Bucci and his team created a database hosting all accessible biomedical papers published since 2000. But cleaning it of scientific contamination was not the quick job he had imagined. First he removed retracted papers; then he created a network of scientists who had been co-authors at least three times with authors of the retractions.

In other words, this was a highly selected group of which Fusco was a part. In addition to the retraction we’ve reported on, another will appear in Cell Death and Differentiation of a 2006 paper by Fusco and colleagues, Nature reports.

The search for problematic images brings us to a piece in last week’s Nature which featured Clare Francis – the pseudonymous whistleblower whose name will be familiar to Retraction Watch readers. Editors quoted in the piece said “many of her claims did not check out” (we should point out that Clare is actually a “he,” although the confusion is understandable given the pseudonym):

By 2011, editors were growing increasingly frustrated by Francis because — quite apart from her anonymity — many of her claims did not check out. “I have no problem taking time to look at an allegation — but I don’t like people wasting my time,” says Eric Murphy, editor-in-chief of Lipids. Moreover, many of Francis’s complaints are oblique and hard to follow, says Sullenberger. “It is helpful to know specific details about the concerns from a scientific standpoint, not just, ‘The bands in the 10- and 60-minute lanes are geometrical and superimposable’ or ‘Background is silvery smooth’,” she says, referring to some of Francis’s e-mails. Some journal editors have warned Francis that they are less likely to follow up on her requests than other complaints. In September 2011, Wiley’s then legal director, Roy Kaufman, sent her an e-mail saying that the company could “not guarantee that all anonymous allegations sent to us will be investigated”. Francis made the note public, sparking debate over how such allegations should be handled.

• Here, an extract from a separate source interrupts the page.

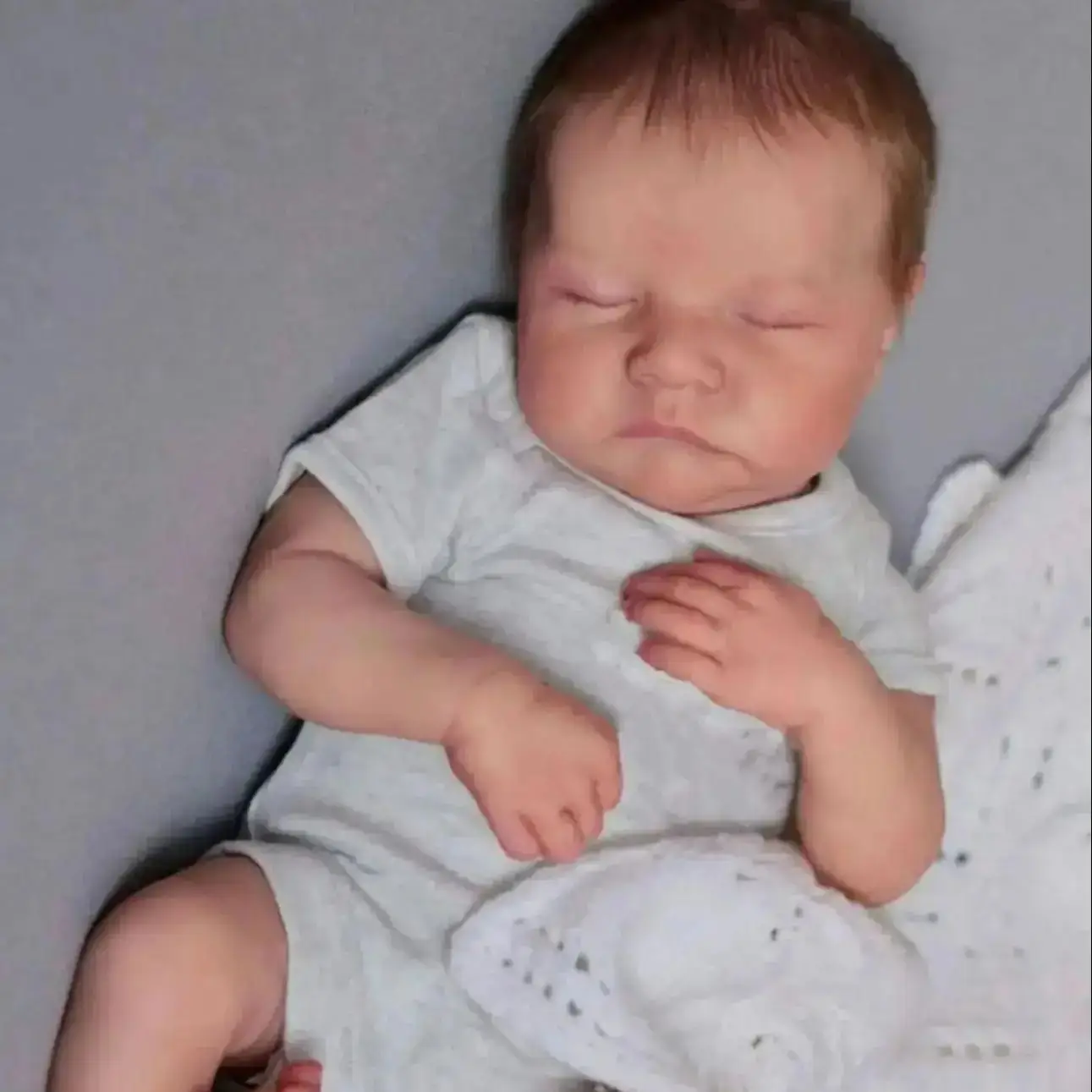 bzdoll-48cm-19in-reborn-levi-boy-doll-3d-veined-skin-vinyl-limbs-cloth-body-real-newborn-look-kids-gift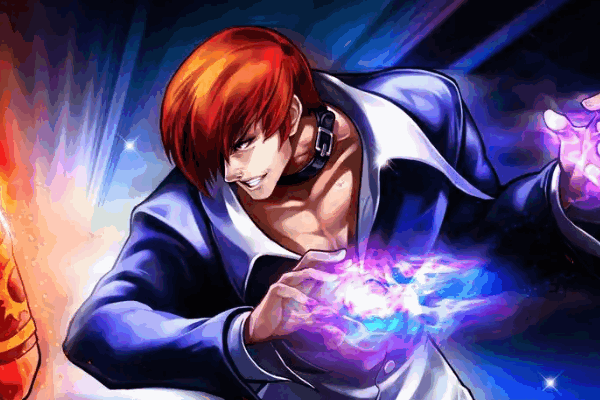 各种大学排行榜(各个大学的排行)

Having seen thousands of Francis’s emails, we’d respectfully disagree with these editors’ characterizations. What we’d like to know — and what Nature‘s Richard van Noorden was also trying to figure out — is just how many of Francis’s critiques lead to retractions, if properly investigated. We have a sense that percentage is higher than editors are acknowledging.

That means we must respectfully wonder whether some editors would rather find excuses not to investigate what are actually legitimate complaints. There is a typical quote in the Nature piece from one editor: “One has to wonder about the motivation of the whistle-blower,” says Ulrich Brandt, editor of Biochimica and Biophysica Acta. Brandt has made it clear elsewhere that he thinks editors should ignore anonymous whistleblowers.

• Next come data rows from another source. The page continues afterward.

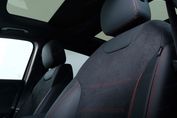 Mercedes GLA 200 AMG Line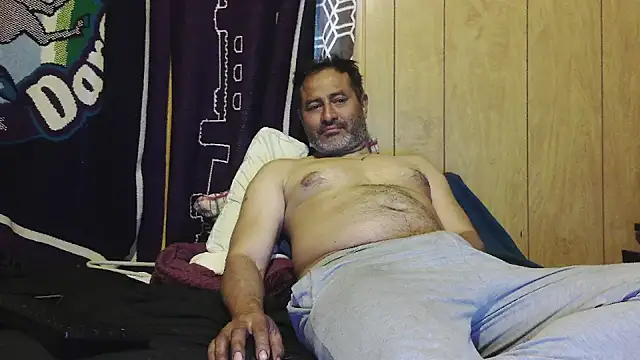 dantehot2020 online show from 01-16-26, 10:14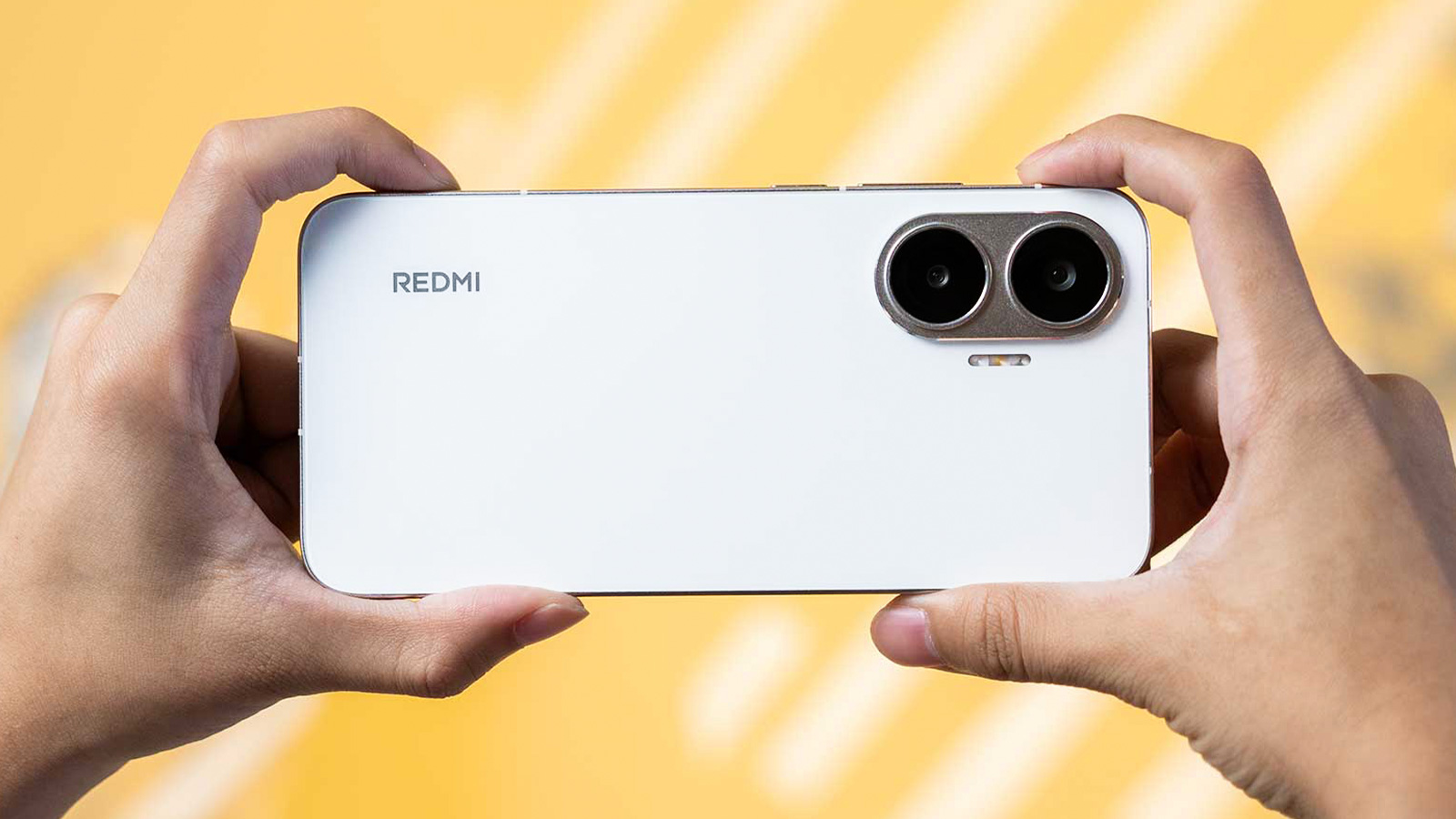 Redmi Turbo 4 Pro “giảm giá sốc” — chỉ còn khoảng 7 triệu: Có đáng mua không?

But that sort of approach ignores the fact that, well, facts are stubborn things, as we’ve pointed out when calling for editors to pay more attention to such whistleblowers. We’d encourage Cell Death and Differentiation Gerry Melino to take a look at an email from Francis about another Fusco paper, for example. (By the way, Elsevier spokesperson Tom Reller, in comments that didn’t make it into the Nature piece but that he posted at Elsevier Connect, raised some other questions about Francis’s methods. His responses are worth a read.)

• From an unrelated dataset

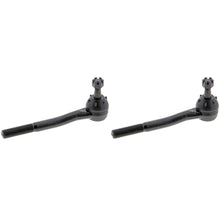 Load image into Gallery viewer, MSUPOUTR32830 Mevotech Steering Tie Rod End Kit Mevotech Canada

Finally, that stubborn refusal of many journal editors to properly correct the scientific record, brings us to a refreshingly honest Nature Medicine editorial about why it is so difficult to get an obviously flawed paper retracted. (We’re not just praising it because it mentions us in the first paragraph.) The short version: Count the number of times the words “lawyers” (2) and “legal” (5) appear in the piece.